About a year ago, Wagamama decided to overhaul the handheld devices its staff use to take orders and payments. "We depreciate all our devices over three years. By the time we got to two years, the devices were really struggling," Jerry Marks, operations officer of Wagamama told silicon.com. "They had large battery packs that had started to fail."
The kit the restaurant chain used at the time was, according Marks, not only spending too long on recharge, it was also in need of constant repair.
"We had a number of problems with it so we went out looking for something more robust," he said. "As time and technology went on, we came across the PPT8846. It met our needs – memory, processor speeds - and it could house the software we wanted to run on it."
Wagamama rolled out the devices to its 39 restaurants over the course of 12 month period, replacing each location's equipment as it reached the end of its three-year replacement cycle.
Before the company's conversion to Symbol, it had flirted with using iPaqs.
"We found the units were dying after two to three hours of solid use," Marks noted. "It meant we had to have double the amount of units – if there were eight waiters, we needed 16 iPaqs."
The devices also didn't stand up to the rigours of Wagamama's waiters the company found. Marks said the company examined the idea of buying cheaper PDAs for shortened replacement cycle but found the figures didn't fit. "The restaurants are fairly tough places and although the staff look after the devices, it's a fast-paced environment and they will take a battering," Marks said.
Wagamama eventually selected the PPT8846 rugged devices. According to Marks, the main benefit of the Symbol switch was a cut in maintenance costs. "One of the greatest things was the massive decline in maintenance," he said. "With the iPaqs we had engineers in pretty much every day.

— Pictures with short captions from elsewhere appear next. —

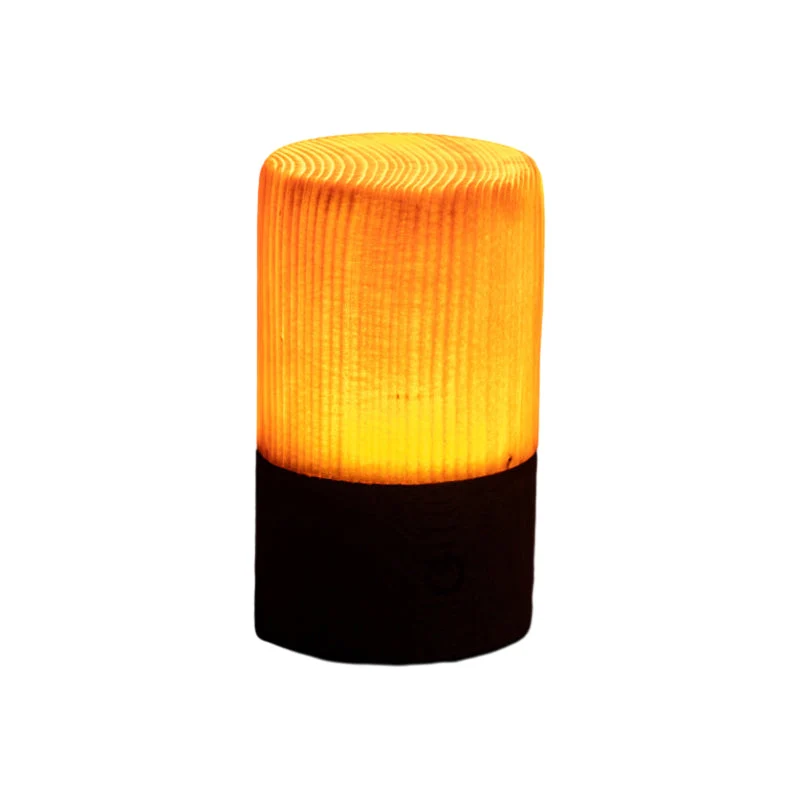 Kabellose LED-Tischlampe mit Akku und Touch-Bedienung – Warmes Holzdesign für gemütliches Ambiente | Karnz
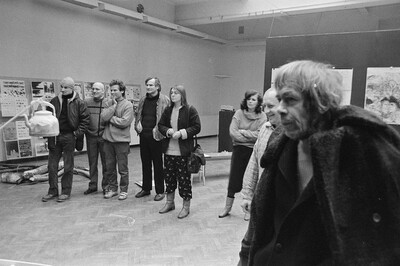 Wystawa, performances, projekcje, referaty, sesja &bdquo;Zapisy 2&rdquo;, Galeria BWA, Lublin, 1986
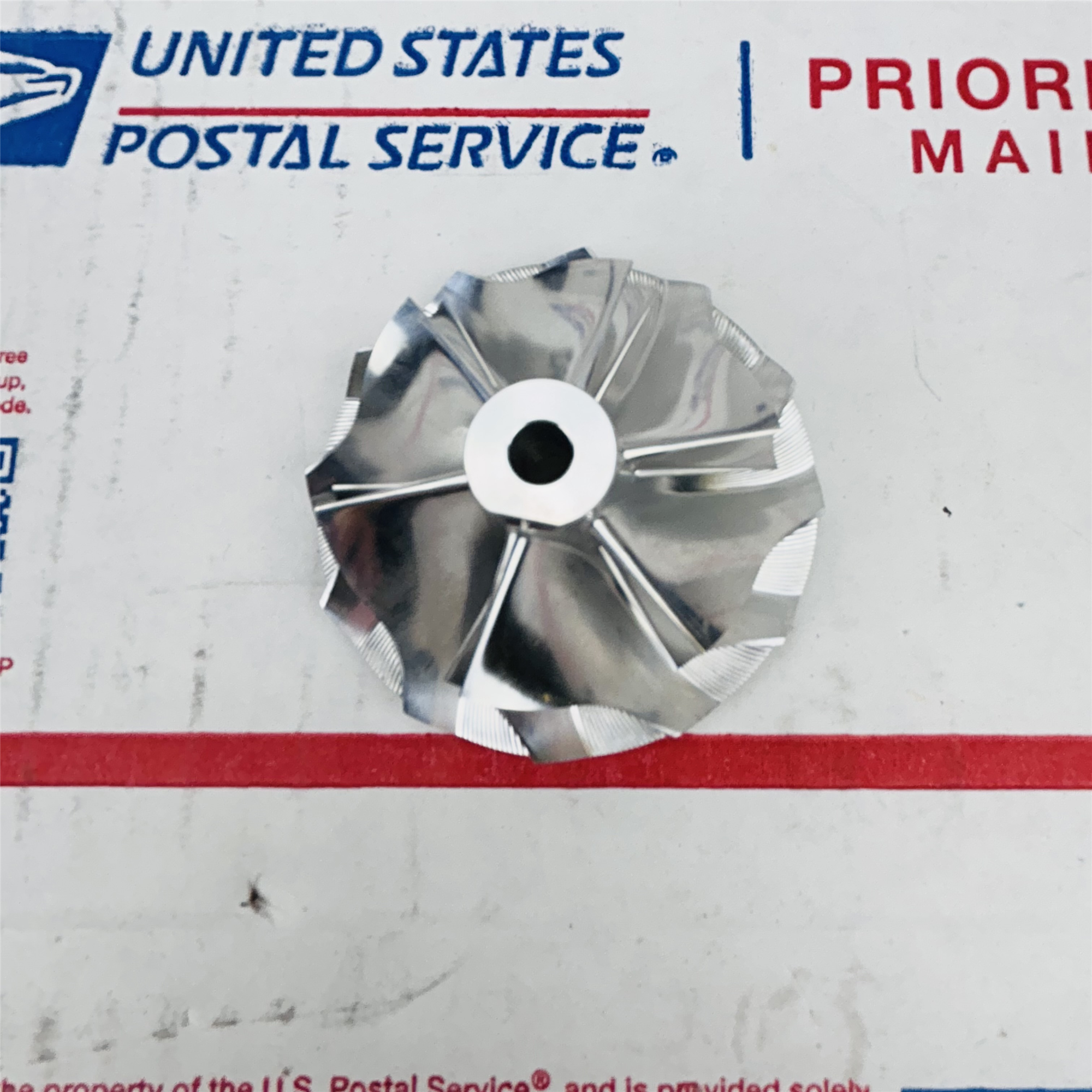 Turbo Compressor wheel For Ferrari 488 GTB 3.9T VU21 VU22 VU23 VU24 330498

Now we tend to get them once every two weeks because someone has a cracked screen."
Using the Symbol devices also meant a tangible cost saving for the chain. Additional battery packs for PPT8846 cost around £35, compared with around £100 for the iPaq equivalent, Marks said.
Now the only minor headache for the restaurants is a loss of settings data when the units are powered down, which is replaced via back-up software from a thin client.
Wagamamas is already looking to new applications that can be run on the devices. Marks told silicon.com that one possible future feature could be a bar code reader, enabling waters and waitresses to simply scan in a diner's choice from the menu or use the reader to scan money off or gift vouchers to deduct cash from the bill instantly.